NEW YORK LIFE INSURANCE COMPANY
By: /s/ S. Xxxxxx Xxxxx
----------------------------
Its: S. Xxxxxx Xxxxx, Director
----------------------------
MUTUAL TRUST LIFE INSURANCE COMPANY
NATIONAL TRAVELERS LIFE COMPANY
GUARANTEE RESERVE LIFE INSURANCE COMPANY
PIONEER MUTUAL LIFE INSURANCE COMPANY
GREAT WESTERN INSURANCE COMPANY
THE CATHOLIC AID ASSOCIATION
THE NORTH WEST LIFE ASSURANCE COMPANY OF CANADA
BY: ADVANTUS CAPITAL MANAGEMENT, INC.
BY: /s/ Xxx X. xx Xxxxxxx
-------------------------------
ITS: VICE PRESIDENT
-------------------------------
LUTHERAN BROTHERHOOD
By: /s/ Xxxx X. Xxxxxxx
-------------------------------
Its: Assistant Vice President
-------------------------------
MODERN WOODMEN OF AMERICA
By: /s/ Xxxxx X. Xxxxxxx
-------------------------------
Its: President, Xxxxx X. Xxxxxxx
-------------------------------
SCHEDULE B
DEFINED TERMS
As used herein, the following terms have the respective meanings set
forth below or set forth in the Section hereof following such term:
"AFFILIATE" means, at any time, and with respect to any Person, (a)

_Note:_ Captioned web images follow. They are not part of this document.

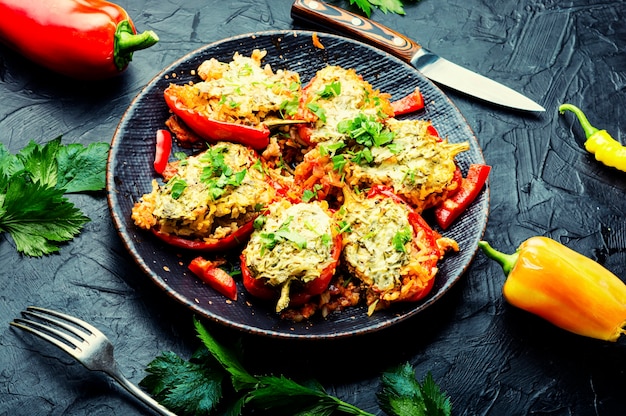 Roasted bell peppers stuffed with rice and meat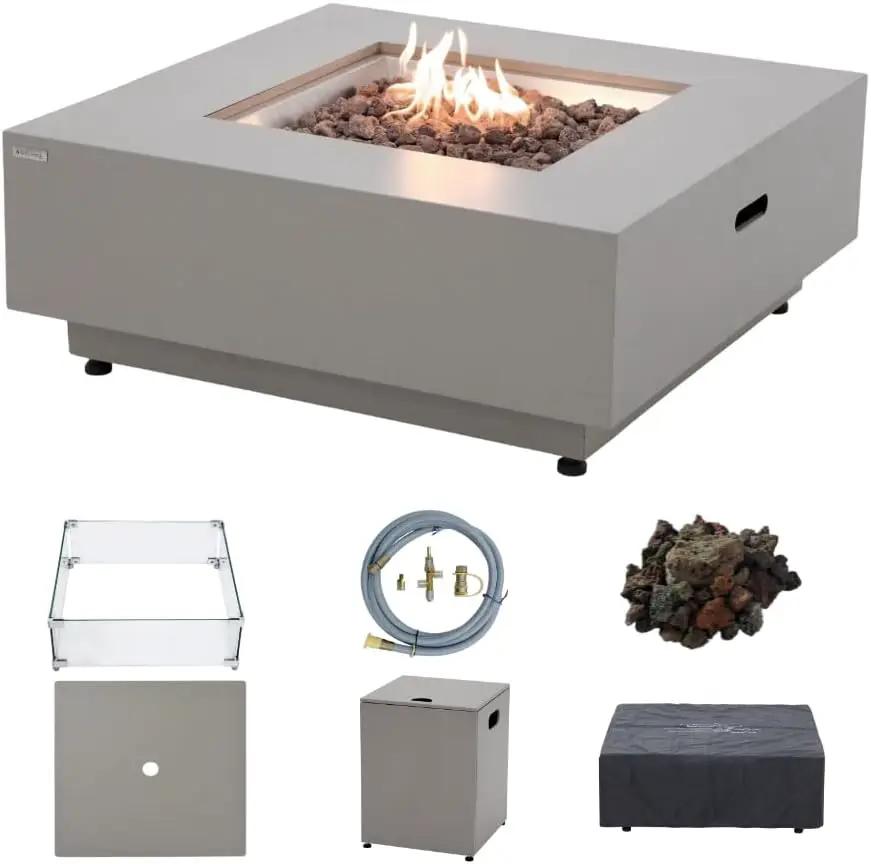 Ashton 36” Propane Fire Pit Smokeless Firepit Converts to Outdoor Gas Fire Pit for Outside Patio Firepit Table Includes Windscreen Rain & Tank Cover Lava Rocks Lid CSA Certified by GreenHaven Gardens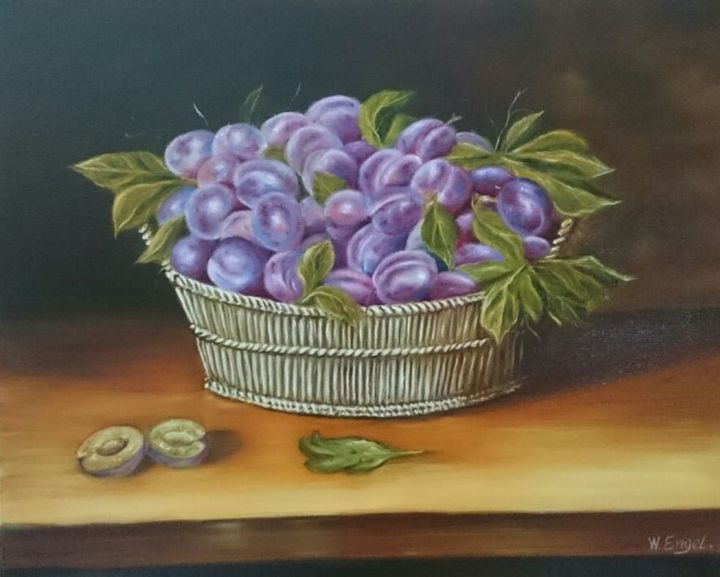 Painting titled "Plum Plate" by Waldemar Engelowski, Original Artwork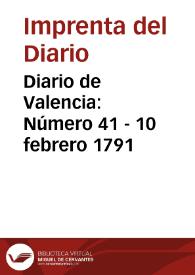 Portada:Diario de Valencia: Número 41 - 10 febrero 1791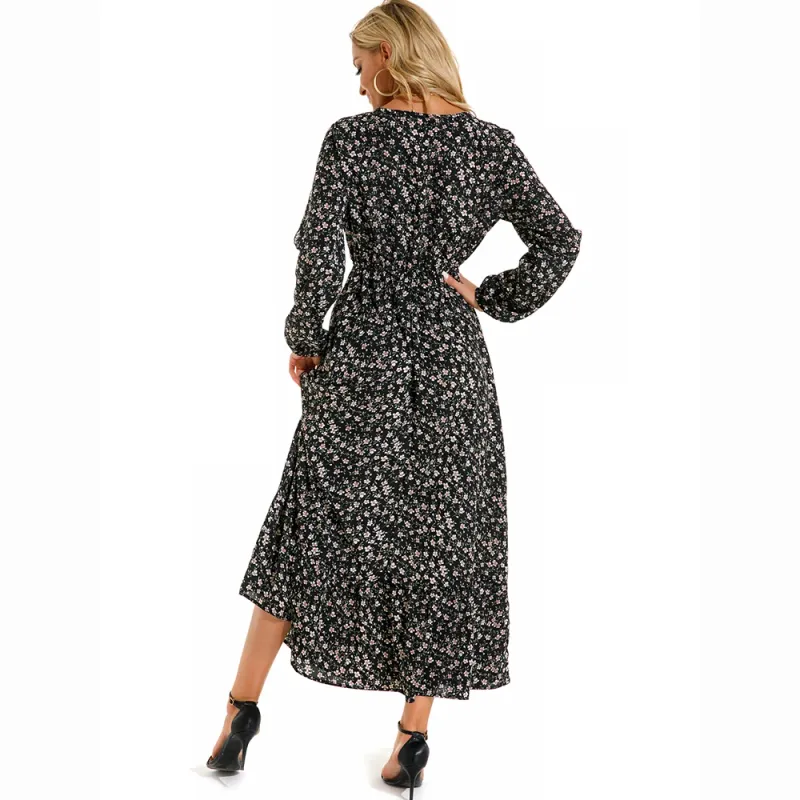 Boho Floral Chiffon Maxi Dress 6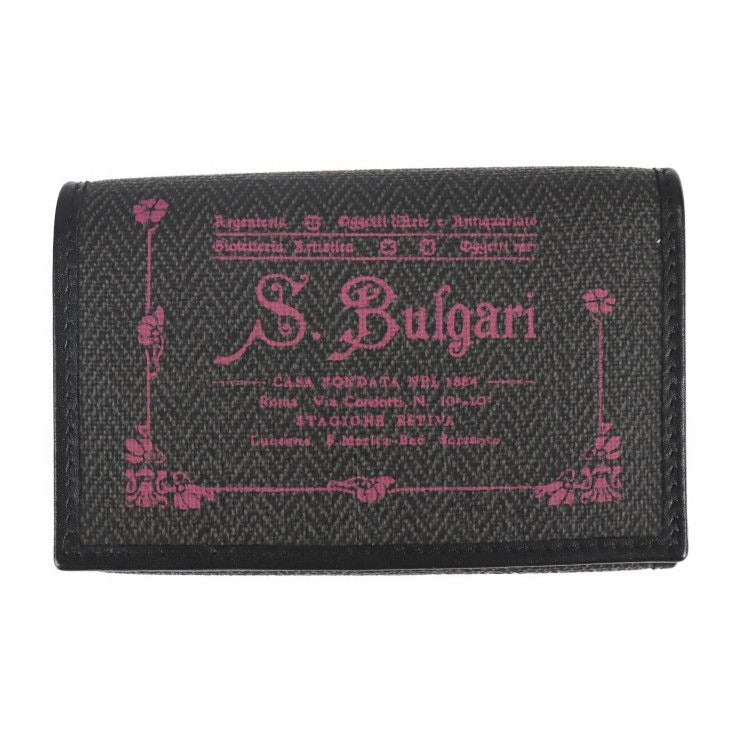 Bvlgari Collezione Key Case 32439 Leather Gray Black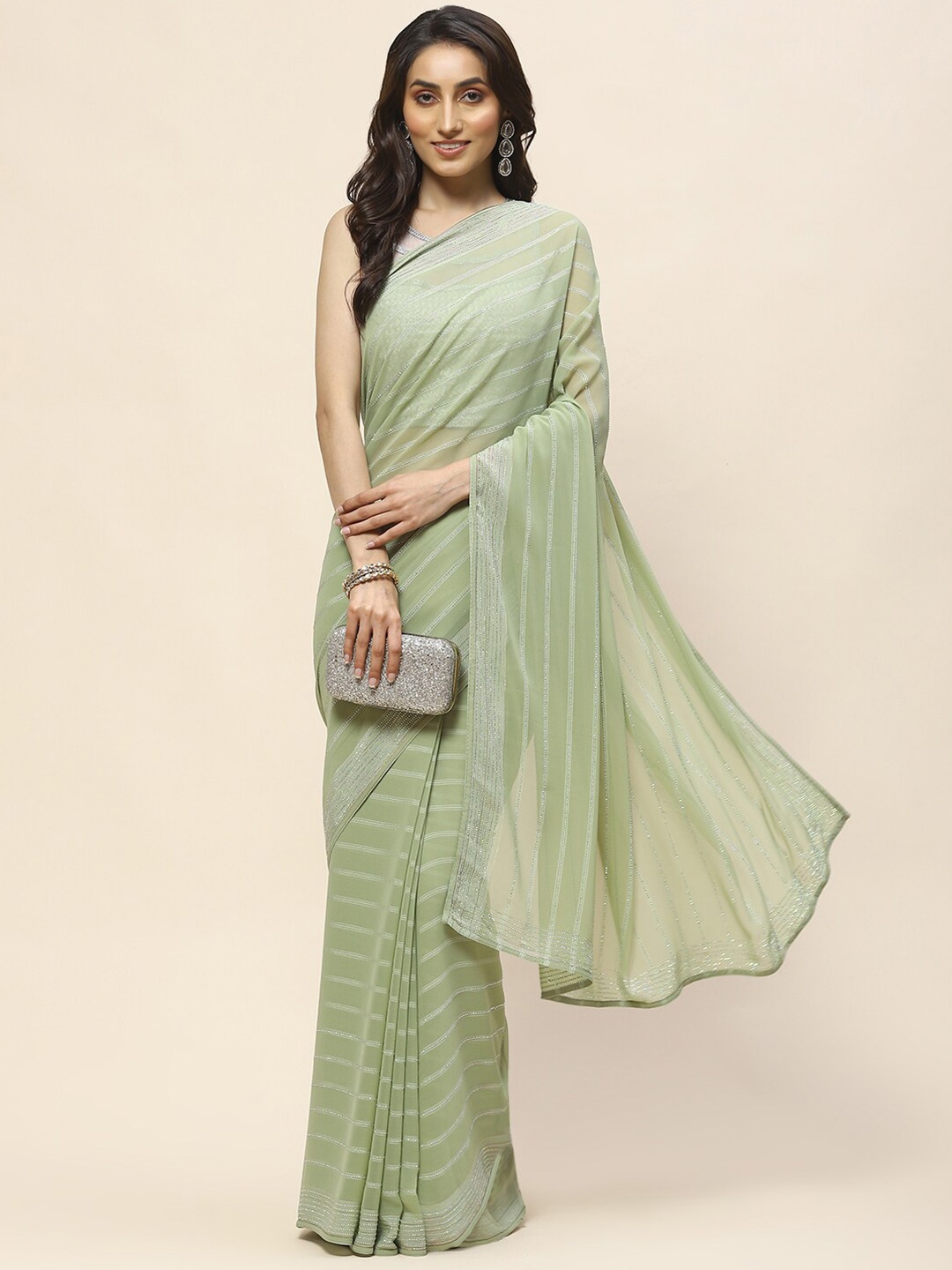 

Meena Bazaar Embellished Sequinned Saree, Green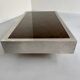 Italian coffee table in chromed metal and vintage brown glass top 70s
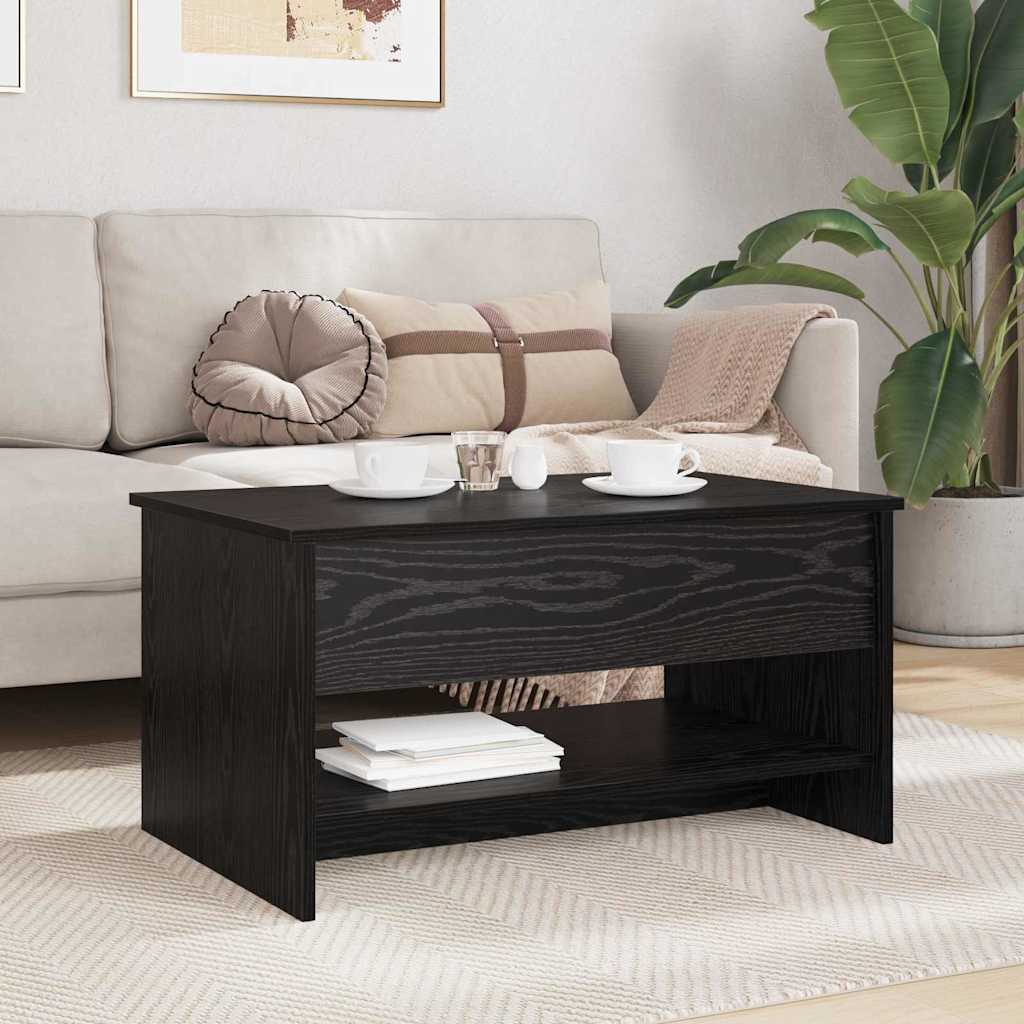 Couchtisch Schwarz Eichen-Optik 80 x 50.5 x 41.5 cm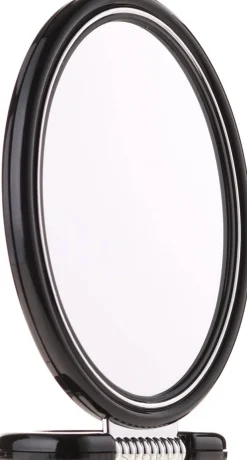Doppelseitiger Kosmetikspiegel mit Ständer oval schwarz 11x15 cm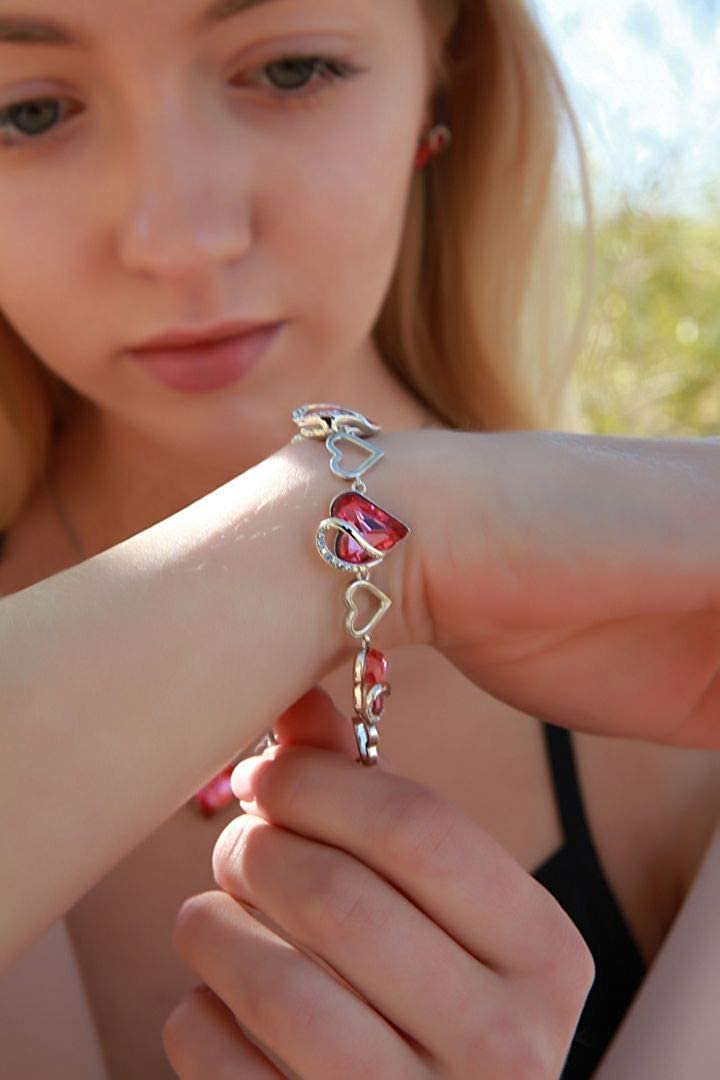 Leafael Infinity Love Heart Link Bracelet with Birthstone Crystal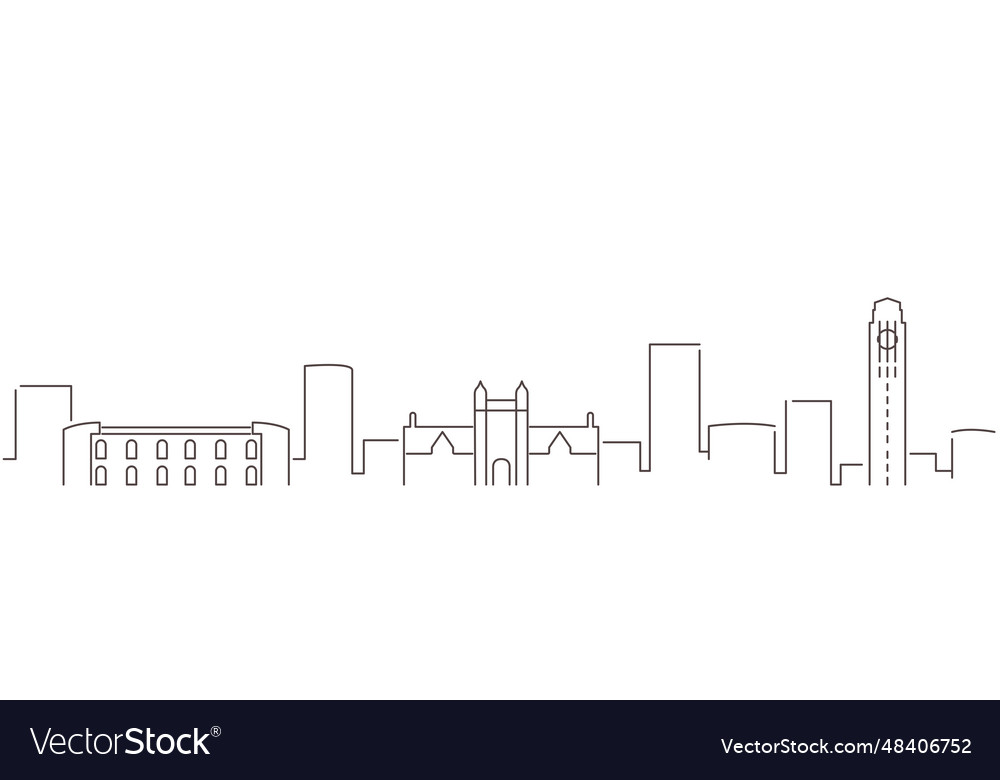 Ann arbor dark line simple minimalist skyline Vector Image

any other Person that at such time directly or indirectly through one or more
intermediaries Controls, or is Controlled by, or is under common Control
with, such first Person, and (b) any Person beneficially owning or holding,
directly or indirectly, 5% or more of any class of voting or equity interests
of the Company or any Subsidiary or any corporation of which the Company and
its Subsidiaries beneficially own or hold, in the aggregate, directly or
indirectly, 5% or more of any class of voting or equity interests. As used in
this definition, "CONTROL" means the possession, directly or indirectly, of
the power to direct or cause the direction of the management and policies of
a Person, whether through the ownership of voting securities, by contract or
otherwise. Unless the context otherwise clearly requires, any reference to an
"Affiliate" is a reference to an Affiliate of the Company.
"BUSINESS DAY" means any day other than a Saturday, a Sunday or a
day on which commercial banks in Akron, Ohio, or New York, are required or
authorized to be closed.
"CAPITAL LEASE" means, at any time, a lease with respect to which
the lessee is required concurrently to recognize the acquisition of an asset
and the incurrence of a liability in accordance with GAAP.
"CAPITALIZED LEASE OBLIGATIONS" means the amount of the obligations
of a Person as lessee under all Capital Leases which would be required to be
reflected as a liability on a balance sheet in accordance with GAAP.
"CLOSING" is defined in Section 3.
"CODE" means the Internal Revenue Code of 1986, as amended from time
to time, and the rules and regulations promulgated thereunder from time to
time.
"COMPANY" means X. Xxxxxxxx, Inc., a Delaware corporation.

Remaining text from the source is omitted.